# Exercise brief:
The lines to retype are the one with "ManpowerGroup Porto RH Meeting" and all that follow it to the end of the entries below; copy them exactly and nothing else.

################

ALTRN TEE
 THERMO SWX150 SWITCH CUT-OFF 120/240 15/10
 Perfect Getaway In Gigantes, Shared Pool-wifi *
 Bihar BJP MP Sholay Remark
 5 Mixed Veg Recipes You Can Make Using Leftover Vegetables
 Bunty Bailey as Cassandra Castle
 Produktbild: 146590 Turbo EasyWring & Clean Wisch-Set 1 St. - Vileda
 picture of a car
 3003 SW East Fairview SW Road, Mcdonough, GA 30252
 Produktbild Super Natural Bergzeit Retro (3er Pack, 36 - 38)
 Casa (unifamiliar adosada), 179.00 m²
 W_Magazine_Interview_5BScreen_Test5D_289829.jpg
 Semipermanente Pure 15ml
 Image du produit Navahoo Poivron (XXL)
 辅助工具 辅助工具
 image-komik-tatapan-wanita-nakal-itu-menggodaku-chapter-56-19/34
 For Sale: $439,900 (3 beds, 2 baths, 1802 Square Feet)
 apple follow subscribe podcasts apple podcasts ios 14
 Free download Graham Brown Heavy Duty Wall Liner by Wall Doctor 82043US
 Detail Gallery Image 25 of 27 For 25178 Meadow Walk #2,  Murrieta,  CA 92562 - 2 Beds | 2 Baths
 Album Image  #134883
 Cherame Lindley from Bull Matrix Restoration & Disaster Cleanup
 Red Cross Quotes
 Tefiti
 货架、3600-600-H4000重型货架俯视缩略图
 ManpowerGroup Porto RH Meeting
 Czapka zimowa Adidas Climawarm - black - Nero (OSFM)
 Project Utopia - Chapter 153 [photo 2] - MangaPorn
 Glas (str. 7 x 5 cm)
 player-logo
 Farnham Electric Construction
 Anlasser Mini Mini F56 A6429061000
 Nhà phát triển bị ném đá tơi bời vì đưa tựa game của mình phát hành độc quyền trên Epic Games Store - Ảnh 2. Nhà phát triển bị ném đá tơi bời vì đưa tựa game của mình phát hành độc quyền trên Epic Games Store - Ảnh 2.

################

# Result:
 ManpowerGroup Porto RH Meeting
 Czapka zimowa Adidas Climawarm - black - Nero (OSFM)
 Project Utopia - Chapter 153 [photo 2] - MangaPorn
 Glas (str. 7 x 5 cm)
 player-logo
 Farnham Electric Construction
 Anlasser Mini Mini F56 A6429061000
 Nhà phát triển bị ném đá tơi bời vì đưa tựa game của mình phát hành độc quyền trên Epic Games Store - Ảnh 2. Nhà phát triển bị ném đá tơi bời vì đưa tựa game của mình phát hành độc quyền trên Epic Games Store - Ảnh 2.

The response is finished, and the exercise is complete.